後藤和弘のブログ

写真付きで趣味の話や国際関係や日本の社会時評を毎日書いています。
中央が甲斐駒岳で山麓に私の小屋があります。

今年も梅が満開になりました、そして梅花の漢詩

2017年01月30日 | 日記・エッセイ・コラム










昨日は春のように暖かい一日でした。午後から家内と一緒に小金井公園の梅の花の写真を撮りに行きました。
私の趣味は花の写真を撮る、ネットに投稿する、そしてその花の歴史を調べる、というような作業をすることが趣味なのです。

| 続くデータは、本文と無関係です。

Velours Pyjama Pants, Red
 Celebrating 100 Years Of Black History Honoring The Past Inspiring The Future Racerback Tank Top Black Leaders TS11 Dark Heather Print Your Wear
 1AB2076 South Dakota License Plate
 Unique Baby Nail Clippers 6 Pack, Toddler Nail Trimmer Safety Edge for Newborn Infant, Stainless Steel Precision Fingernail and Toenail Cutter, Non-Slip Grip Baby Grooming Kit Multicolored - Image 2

梅の花は欧米では見た経験がありません。梅干しのある日本でしか見たことがありません。日本に縄文時代から梅は自生していたに違いないと思い込んでいました。ところがこの思い込みは大間違いでした。梅は弥生時代に稲作とともに中国からやって来た渡来植物だったのです。
弥生時代前期~古墳時代の遺跡から梅の遺物が出て来るのです。 山口県・大阪府・奈良県・京都府・石川県・東京都などの弥生遺跡から梅の木の断片や梅の種が出て来るのです。
梅が中国大陸から渡来し、日本で普及していく様子は、 稲作が広まってゆく様相とほぼ同じとみられます。
原産地は中国長江流域と考えられています。
しかしそれ以前の縄文時代の遺跡から、梅の遺物は発掘されていないのです。 梅は、弥生時代に渡来したと断定して良いようです。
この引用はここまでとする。